So the New York Post pointed out the silver lining, should the New York Mets fail to sign R.A. Dickey and David Wright to long-term contracts.
The team would presumably trade one or both, and if that money didn’t just go back into ownership’s pockets, but got reinvested into the 2013 team, it was posited by multiple baseball officials that it could go toward outfielder Cody Ross.
Allow me to express skepticism that this would be a Mets target.

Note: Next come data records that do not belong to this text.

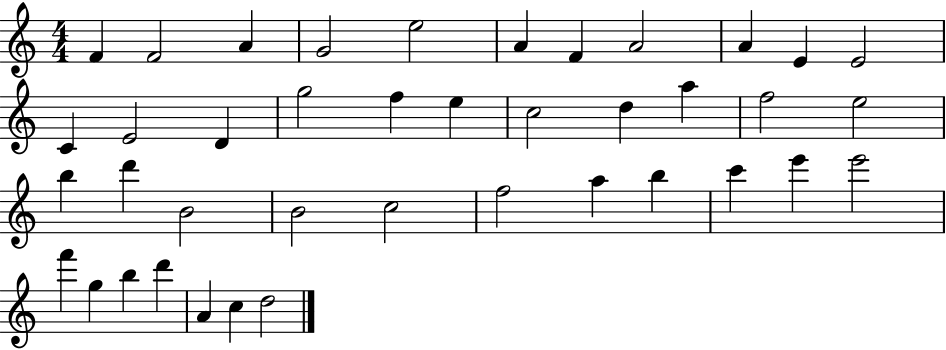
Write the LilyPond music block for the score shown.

{
  \clef treble
  \numericTimeSignature
  \time 4/4
  \key c \major
  f'4 f'2 a'4 | g'2 e''2 | a'4 f'4 a'2 | a'4 e'4 e'2 | \break c'4 e'2 d'4 | g''2 f''4 e''4 | c''2 d''4 a''4 | f''2 e''2 | \break b''4 d'''4 b'2 | b'2 c''2 | f''2 a''4 b''4 | c'''4 e'''4 e'''2 | \break f'''4 g''4 b''4 d'''4 | a'4 c''4 d''2 | \bar "|."
}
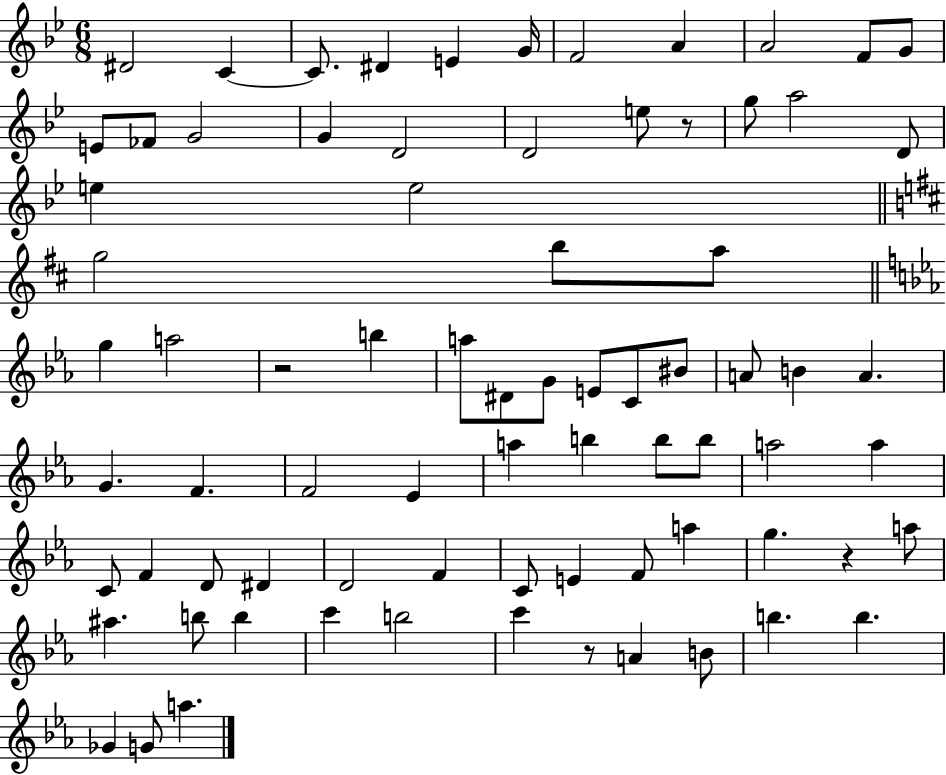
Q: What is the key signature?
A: BES major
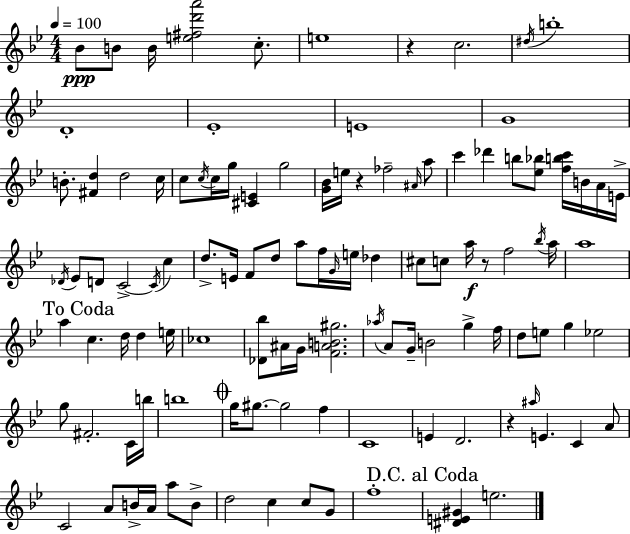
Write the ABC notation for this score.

X:1
T:Untitled
M:4/4
L:1/4
K:Gm
_B/2 B/2 B/4 [e^fd'a']2 c/2 e4 z c2 ^d/4 b4 D4 _E4 E4 G4 B/2 [^Fd] d2 c/4 c/2 c/4 c/4 g/4 [^CE] g2 [G_B]/4 e/4 z _f2 ^A/4 a/2 c' _d' b/2 [_e_b]/2 [fbc']/4 B/4 A/4 E/4 _D/4 _E/2 D/2 C2 C/4 c d/2 E/4 F/2 d/2 a/2 f/4 G/4 e/4 _d ^c/2 c/2 a/4 z/2 f2 _b/4 a/4 a4 a c d/4 d e/4 _c4 [_D_b]/2 ^A/4 G/4 [FAB^g]2 _a/4 A/2 G/4 B2 g f/4 d/2 e/2 g _e2 g/2 ^F2 C/4 b/4 b4 g/4 ^g/2 ^g2 f C4 E D2 z ^a/4 E C A/2 C2 A/2 B/4 A/4 a/2 B/2 d2 c c/2 G/2 f4 [^DE^G] e2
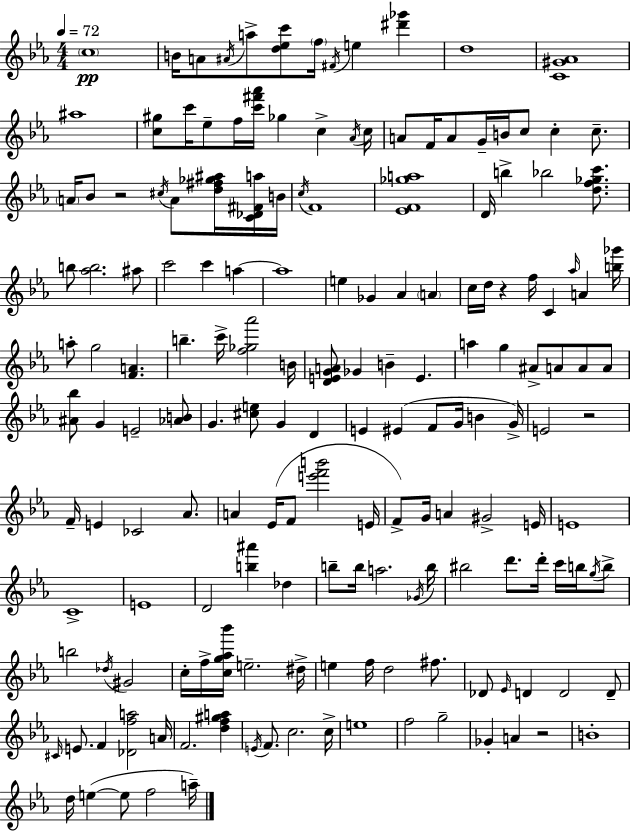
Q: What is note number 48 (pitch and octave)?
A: F5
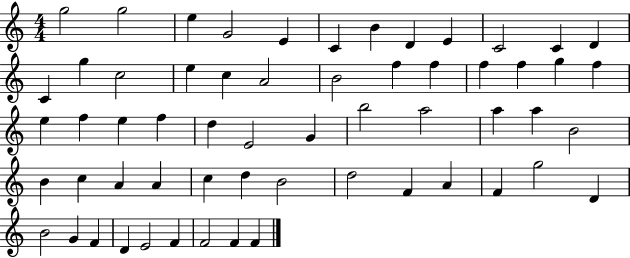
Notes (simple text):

G5/h G5/h E5/q G4/h E4/q C4/q B4/q D4/q E4/q C4/h C4/q D4/q C4/q G5/q C5/h E5/q C5/q A4/h B4/h F5/q F5/q F5/q F5/q G5/q F5/q E5/q F5/q E5/q F5/q D5/q E4/h G4/q B5/h A5/h A5/q A5/q B4/h B4/q C5/q A4/q A4/q C5/q D5/q B4/h D5/h F4/q A4/q F4/q G5/h D4/q B4/h G4/q F4/q D4/q E4/h F4/q F4/h F4/q F4/q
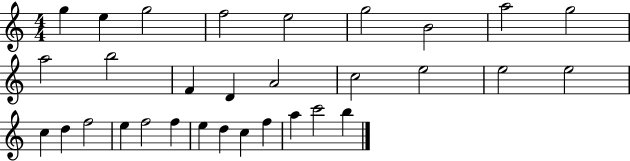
{
  \clef treble
  \numericTimeSignature
  \time 4/4
  \key c \major
  g''4 e''4 g''2 | f''2 e''2 | g''2 b'2 | a''2 g''2 | \break a''2 b''2 | f'4 d'4 a'2 | c''2 e''2 | e''2 e''2 | \break c''4 d''4 f''2 | e''4 f''2 f''4 | e''4 d''4 c''4 f''4 | a''4 c'''2 b''4 | \break \bar "|."
}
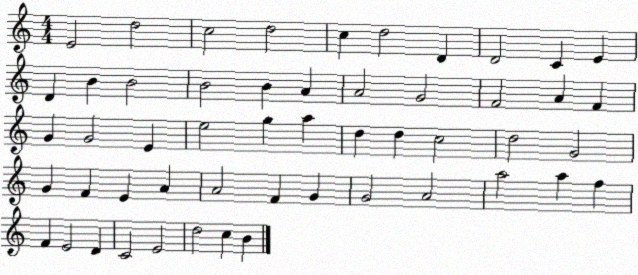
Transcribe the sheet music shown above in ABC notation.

X:1
T:Untitled
M:4/4
L:1/4
K:C
E2 d2 c2 d2 c d2 D D2 C E D B B2 B2 B A A2 G2 F2 A F G G2 E e2 g a d d c2 d2 G2 G F E A A2 F G G2 A2 a2 a f F E2 D C2 E2 d2 c B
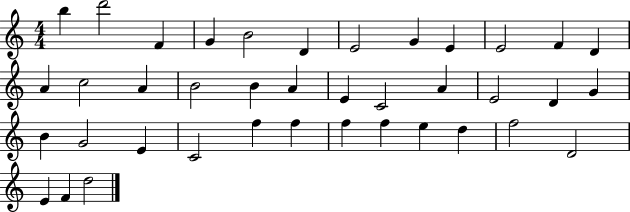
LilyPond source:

{
  \clef treble
  \numericTimeSignature
  \time 4/4
  \key c \major
  b''4 d'''2 f'4 | g'4 b'2 d'4 | e'2 g'4 e'4 | e'2 f'4 d'4 | \break a'4 c''2 a'4 | b'2 b'4 a'4 | e'4 c'2 a'4 | e'2 d'4 g'4 | \break b'4 g'2 e'4 | c'2 f''4 f''4 | f''4 f''4 e''4 d''4 | f''2 d'2 | \break e'4 f'4 d''2 | \bar "|."
}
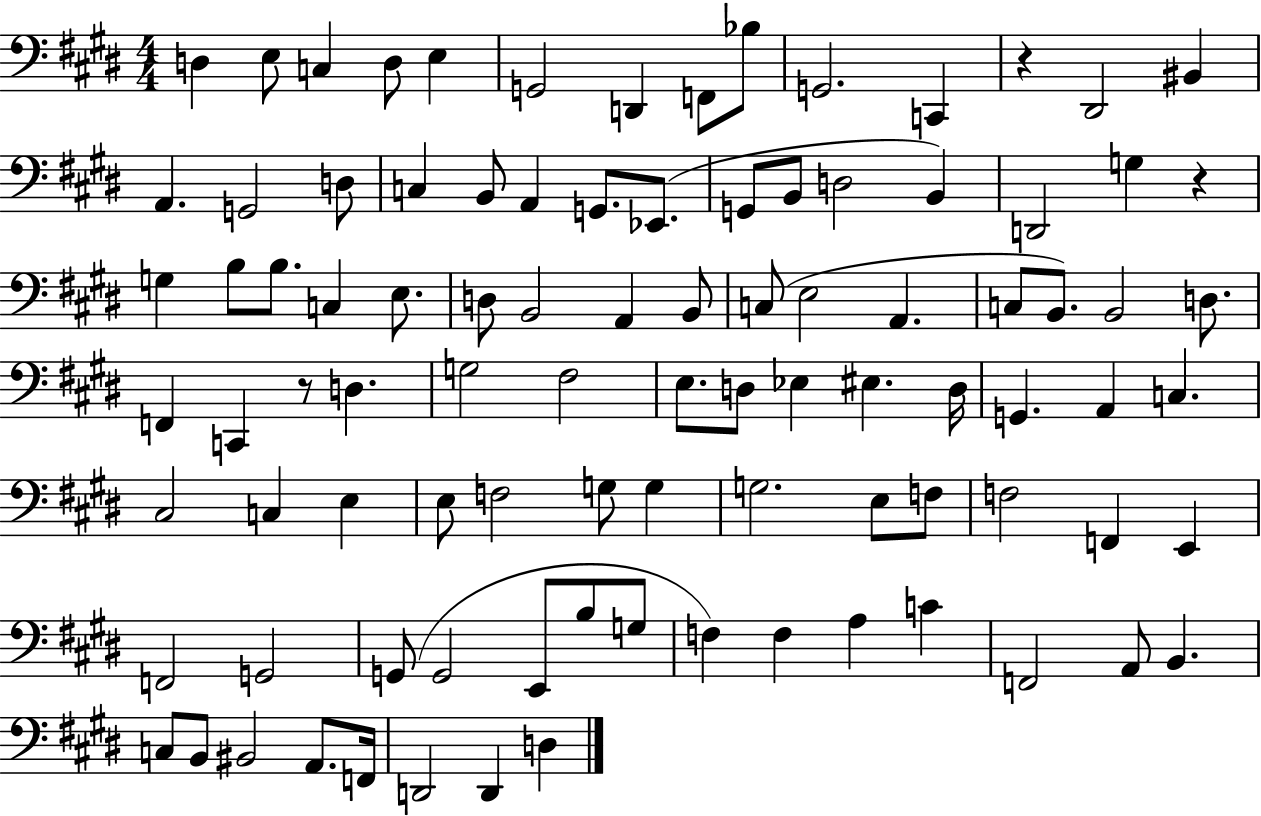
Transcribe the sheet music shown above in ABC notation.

X:1
T:Untitled
M:4/4
L:1/4
K:E
D, E,/2 C, D,/2 E, G,,2 D,, F,,/2 _B,/2 G,,2 C,, z ^D,,2 ^B,, A,, G,,2 D,/2 C, B,,/2 A,, G,,/2 _E,,/2 G,,/2 B,,/2 D,2 B,, D,,2 G, z G, B,/2 B,/2 C, E,/2 D,/2 B,,2 A,, B,,/2 C,/2 E,2 A,, C,/2 B,,/2 B,,2 D,/2 F,, C,, z/2 D, G,2 ^F,2 E,/2 D,/2 _E, ^E, D,/4 G,, A,, C, ^C,2 C, E, E,/2 F,2 G,/2 G, G,2 E,/2 F,/2 F,2 F,, E,, F,,2 G,,2 G,,/2 G,,2 E,,/2 B,/2 G,/2 F, F, A, C F,,2 A,,/2 B,, C,/2 B,,/2 ^B,,2 A,,/2 F,,/4 D,,2 D,, D,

Ross will turn 32 on December 23. He is coming off of a 113 OPS+ in 2012 for the Boston Red Sox, but he’s been a 107 OPS+ hitter for his career. And he isn’t likely to have found some new level of ability at age 31; he’s probable to decline from here, though the lack of strong outfield options means that contending teams looking to add some outfield pop will probably bid him up to a 2-3 year deal at significant money. MLB Trade Rumors, for instance, expects Ross to get at last $6.3 million per season (his 2011 salary) for multiple years.
Now, do the Mets need outfield help? Sure. They have no reasonable starting outfielders under contract for 2013, and most standard defensive alignments call for three of them. But Ross is, essentially, a 1-2 win player. (You want to be generous, call it a 3-4 win advantage over what they’d be reduced to playing in the outfield with the personnel on hand.) They were 74-88 last season, and will only have the money for Ross if they deal Wright or Dickey, taking them into the high 60s, assuming everyone else returns. Even that sells them a bit too high; Scott Hairston, who was worth roughly the same as Ross last season via Wins Above Replacement, probably cannot be retained if Ross is acquired.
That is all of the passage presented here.